Python 3.7 UTF-8 Mode — Victor Stinner blog 3

Since Python 3.0 was released in 2008, each time an user reported an encoding issue, someone showed up and asked why Python does not "simply" always use UTF-8. Well, it's not that easy. UTF-8 is the best encoding in most cases, but it is still not the best encoding in all cases, even in 2018. The locale encoding remains the best default filesystem encoding for Python. I would say that the locale encoding is the least bad filesystem encoding.

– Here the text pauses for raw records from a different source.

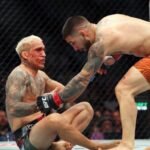 Afirmar que las MMA no son un deporte solo demuestra ignorancia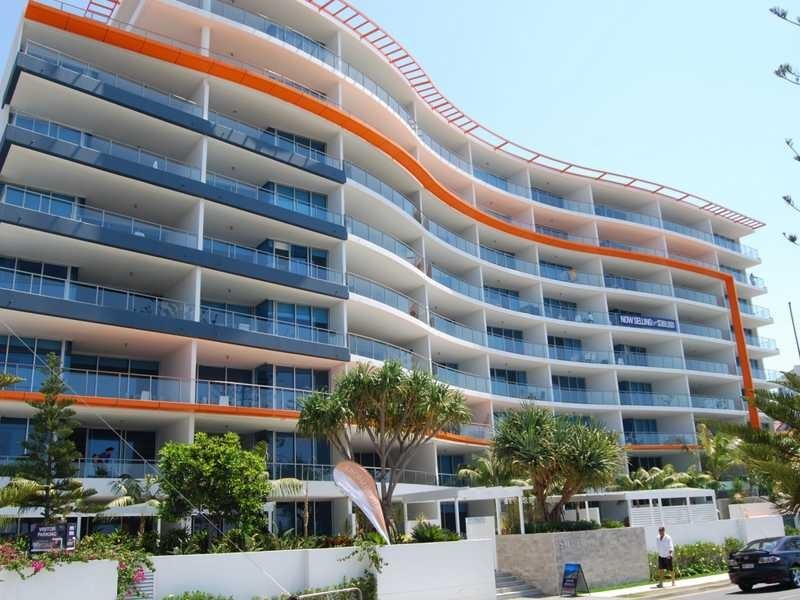 308/430 Marine Parade, Biggera Waters QLD 4216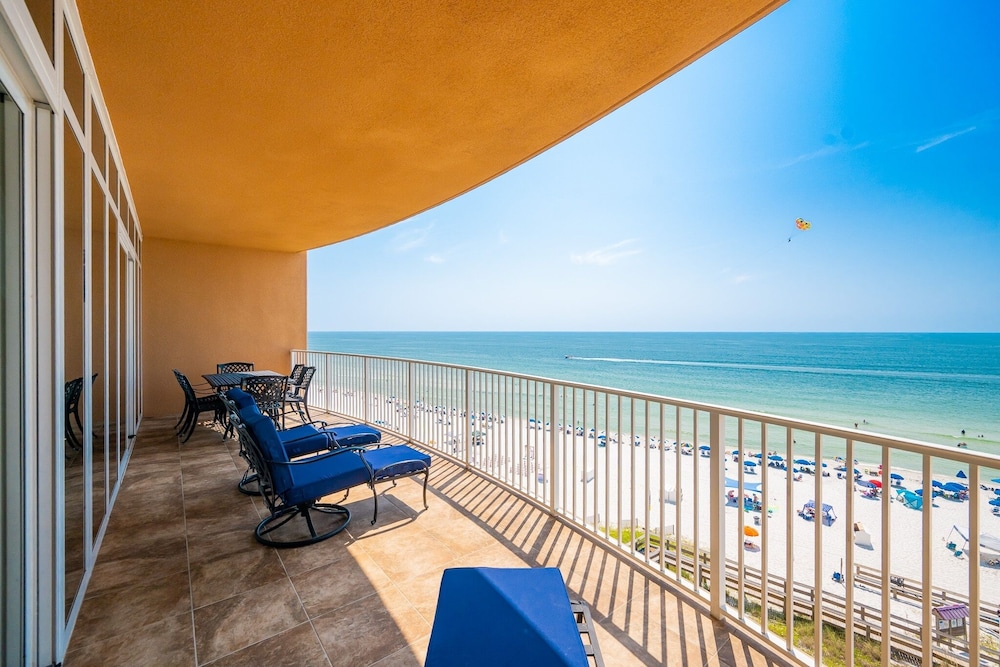 Phoenix Orange Beach 604 3 Bedroom Condo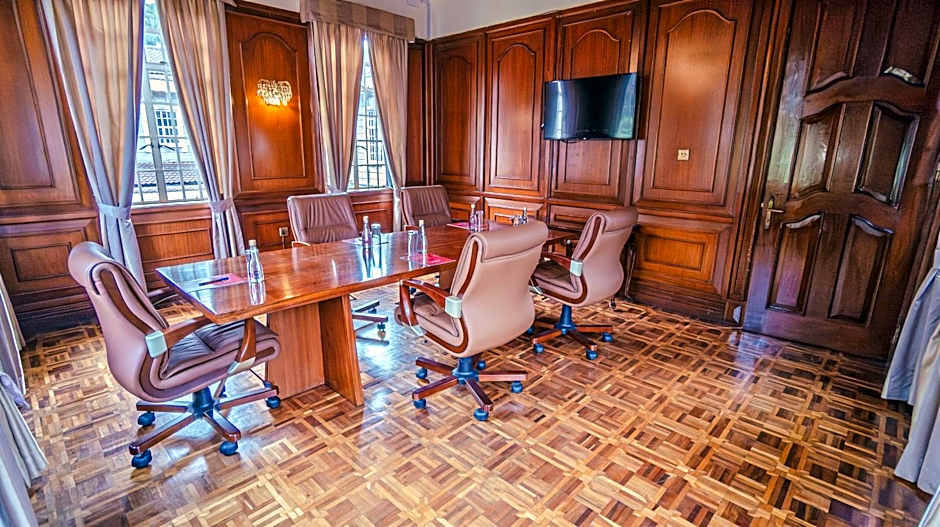 Muthu Sovereign Suites & Spa, Limuru Road, Nairobi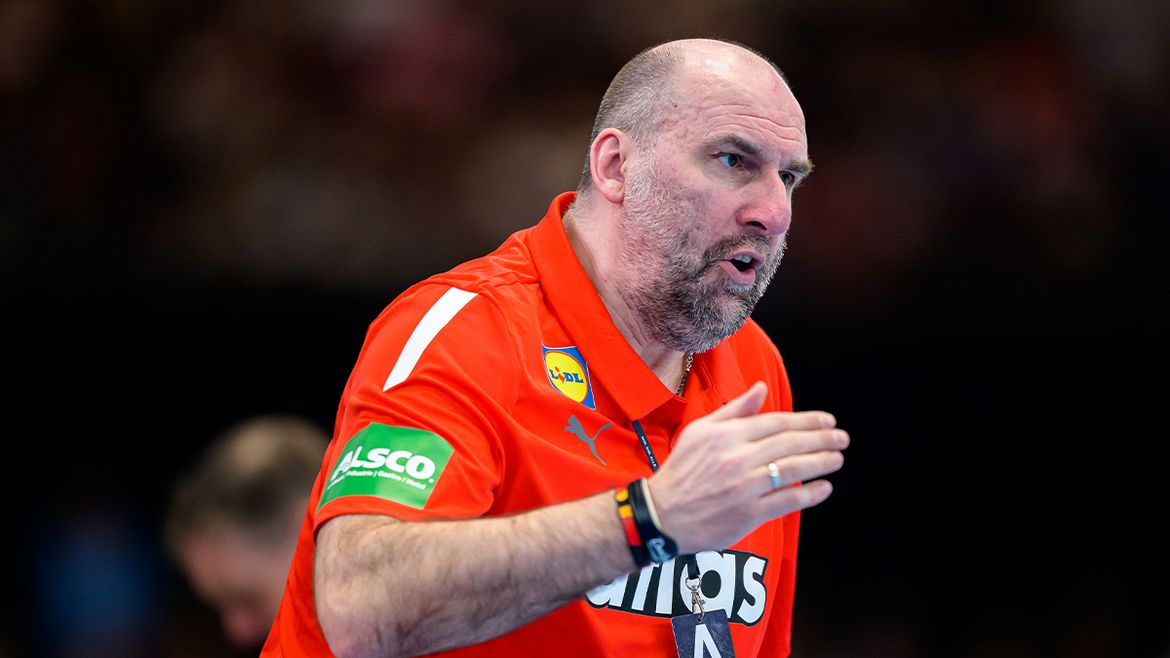 DHB: mU18 trifft sich zum Regionalstützpunkt in Malente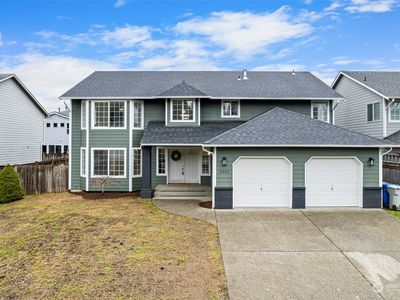 14202 SE 282nd Street, Kent, WA, 98042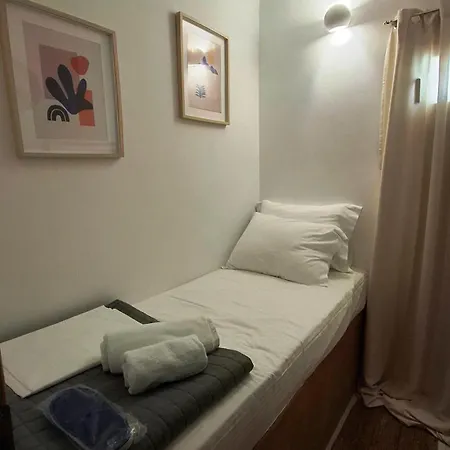 Dom wakacyjny Blue Pearl Maisonette *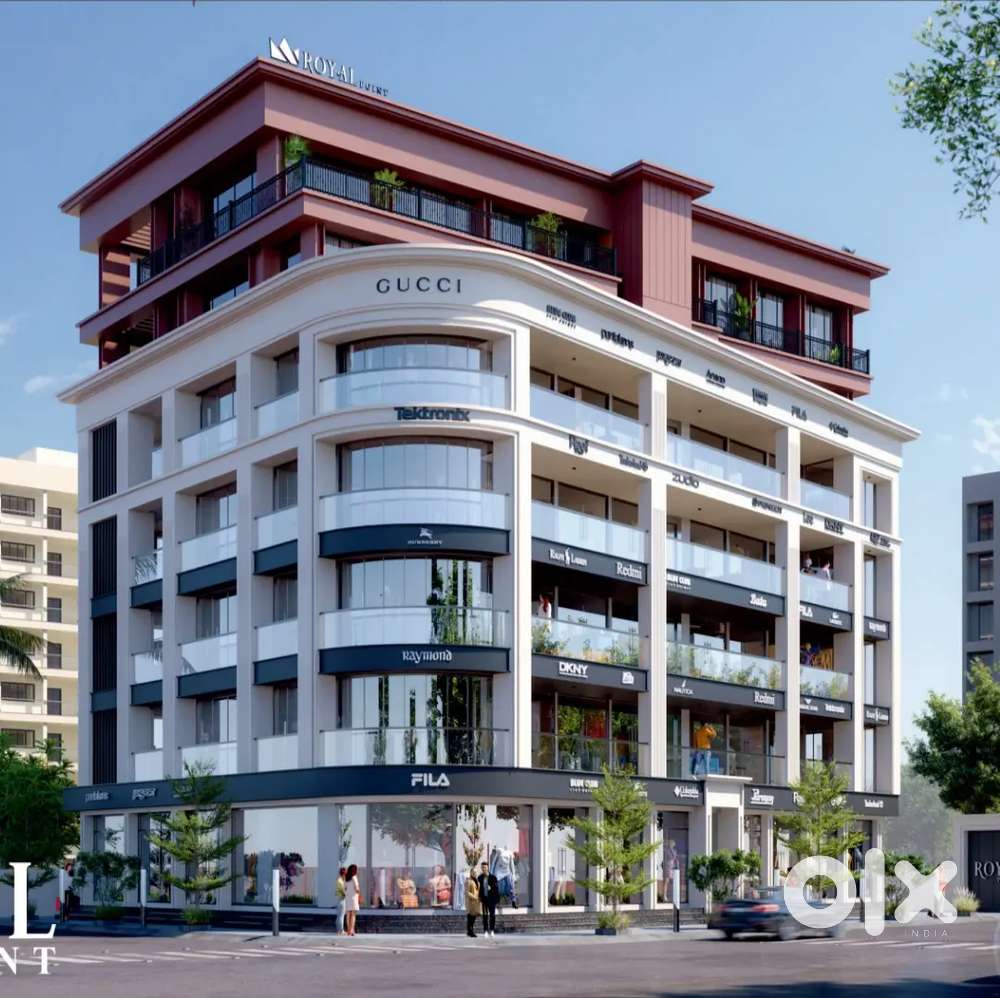 Shop for sell and Rent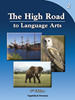 The High Road to Language Arts - 3rd Edition - Book 2 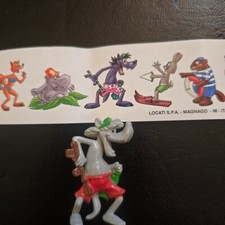 Seltene figure pogodi gebraucht kaufen  Dingolfing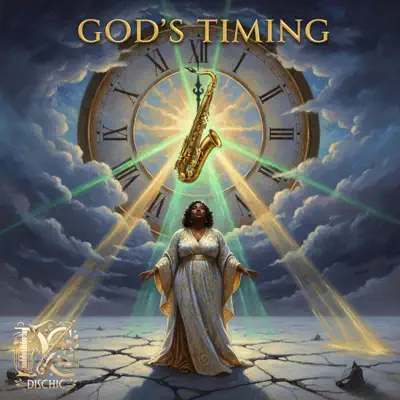 Listen to GODs Timing - Single by Dis Chic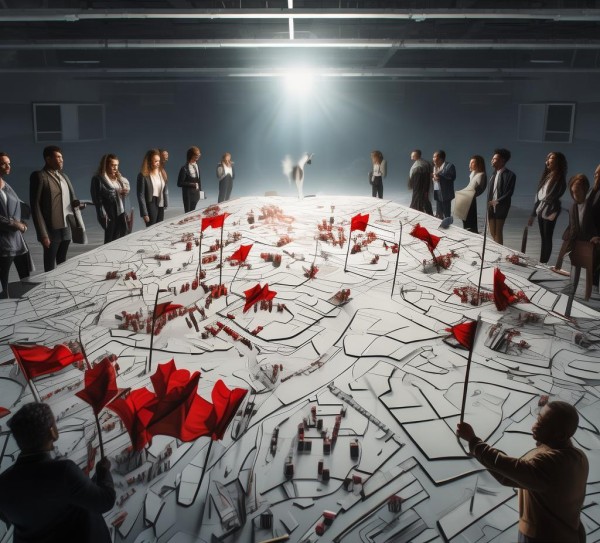 企业文化风险管理的挑战与应对策略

This article tells the story of my PEP 540: Add a new UTF-8 Mode which adds an opt-in option to "use UTF-8" everywhere". Moreover, the UTF-8 Mode is enabled by the POSIX locale: Python 3.7 now uses UTF-8 for the POSIX locale. My PEP 540 is complementary to Nick Coghlan's PEP 538.

When I started to write this article, I wrote something like: "Hey! I added a new option to use UTF-8, enjoy!". Written like that, it seems like using UTF-8 was an obvious choice and that it was really easy to write such PEP. No. Nothing was obvious, nothing was simple.

It took me one year to design and implement my PEP 540, and to get it accepted. I wrote five articles before this one to show that the PEP 540 only came after a long painful journey, starting with Python 3.0, to choose the best Python encoding. My PEP rely on the all the great work done previously.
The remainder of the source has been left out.